What the task requires =
A verbatim copy of the entries is the required answer.

Start of Material for this task

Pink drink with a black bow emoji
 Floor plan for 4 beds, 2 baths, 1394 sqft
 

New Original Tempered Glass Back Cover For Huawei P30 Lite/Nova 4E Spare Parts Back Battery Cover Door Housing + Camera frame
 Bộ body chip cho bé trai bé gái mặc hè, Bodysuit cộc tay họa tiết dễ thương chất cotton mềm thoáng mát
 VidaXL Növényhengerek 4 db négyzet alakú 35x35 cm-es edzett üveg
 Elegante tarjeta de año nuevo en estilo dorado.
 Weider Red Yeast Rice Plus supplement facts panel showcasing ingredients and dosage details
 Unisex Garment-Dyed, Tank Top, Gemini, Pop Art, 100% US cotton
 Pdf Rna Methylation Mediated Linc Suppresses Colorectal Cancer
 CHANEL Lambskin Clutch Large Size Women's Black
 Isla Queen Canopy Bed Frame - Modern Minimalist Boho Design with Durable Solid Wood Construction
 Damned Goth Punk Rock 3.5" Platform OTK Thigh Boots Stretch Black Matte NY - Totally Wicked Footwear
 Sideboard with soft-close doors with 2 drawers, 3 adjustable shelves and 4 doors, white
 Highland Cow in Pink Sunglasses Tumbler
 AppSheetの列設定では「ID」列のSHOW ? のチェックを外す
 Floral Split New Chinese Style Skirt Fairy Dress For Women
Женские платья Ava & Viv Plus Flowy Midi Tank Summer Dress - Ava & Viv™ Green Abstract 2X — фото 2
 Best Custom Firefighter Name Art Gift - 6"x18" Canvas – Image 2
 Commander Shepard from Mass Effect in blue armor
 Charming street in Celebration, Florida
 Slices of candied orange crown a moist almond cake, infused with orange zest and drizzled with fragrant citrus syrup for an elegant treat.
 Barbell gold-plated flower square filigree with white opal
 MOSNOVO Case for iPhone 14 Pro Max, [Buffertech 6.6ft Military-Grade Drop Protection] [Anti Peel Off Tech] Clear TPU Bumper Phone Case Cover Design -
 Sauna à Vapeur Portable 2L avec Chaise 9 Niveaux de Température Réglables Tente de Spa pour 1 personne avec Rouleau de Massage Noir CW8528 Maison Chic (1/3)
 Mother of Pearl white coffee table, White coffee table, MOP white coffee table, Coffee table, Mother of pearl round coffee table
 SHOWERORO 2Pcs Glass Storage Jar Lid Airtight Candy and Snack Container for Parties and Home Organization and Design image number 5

End of Material for this task

Completed task =
Pink drink with a black bow emoji
 Floor plan for 4 beds, 2 baths, 1394 sqft
 

New Original Tempered Glass Back Cover For Huawei P30 Lite/Nova 4E Spare Parts Back Battery Cover Door Housing + Camera frame
 Bộ body chip cho bé trai bé gái mặc hè, Bodysuit cộc tay họa tiết dễ thương chất cotton mềm thoáng mát
 VidaXL Növényhengerek 4 db négyzet alakú 35x35 cm-es edzett üveg
 Elegante tarjeta de año nuevo en estilo dorado.
 Weider Red Yeast Rice Plus supplement facts panel showcasing ingredients and dosage details
 Unisex Garment-Dyed, Tank Top, Gemini, Pop Art, 100% US cotton
 Pdf Rna Methylation Mediated Linc Suppresses Colorectal Cancer
 CHANEL Lambskin Clutch Large Size Women's Black
 Isla Queen Canopy Bed Frame - Modern Minimalist Boho Design with Durable Solid Wood Construction
 Damned Goth Punk Rock 3.5" Platform OTK Thigh Boots Stretch Black Matte NY - Totally Wicked Footwear
 Sideboard with soft-close doors with 2 drawers, 3 adjustable shelves and 4 doors, white
 Highland Cow in Pink Sunglasses Tumbler
 AppSheetの列設定では「ID」列のSHOW ? のチェックを外す
 Floral Split New Chinese Style Skirt Fairy Dress For Women
Женские платья Ava & Viv Plus Flowy Midi Tank Summer Dress - Ava & Viv™ Green Abstract 2X — фото 2
 Best Custom Firefighter Name Art Gift - 6"x18" Canvas – Image 2
 Commander Shepard from Mass Effect in blue armor
 Charming street in Celebration, Florida
 Slices of candied orange crown a moist almond cake, infused with orange zest and drizzled with fragrant citrus syrup for an elegant treat.
 Barbell gold-plated flower square filigree with white opal
 MOSNOVO Case for iPhone 14 Pro Max, [Buffertech 6.6ft Military-Grade Drop Protection] [Anti Peel Off Tech] Clear TPU Bumper Phone Case Cover Design -
 Sauna à Vapeur Portable 2L avec Chaise 9 Niveaux de Température Réglables Tente de Spa pour 1 personne avec Rouleau de Massage Noir CW8528 Maison Chic (1/3)
 Mother of Pearl white coffee table, White coffee table, MOP white coffee table, Coffee table, Mother of pearl round coffee table
 SHOWERORO 2Pcs Glass Storage Jar Lid Airtight Candy and Snack Container for Parties and Home Organization and Design image number 5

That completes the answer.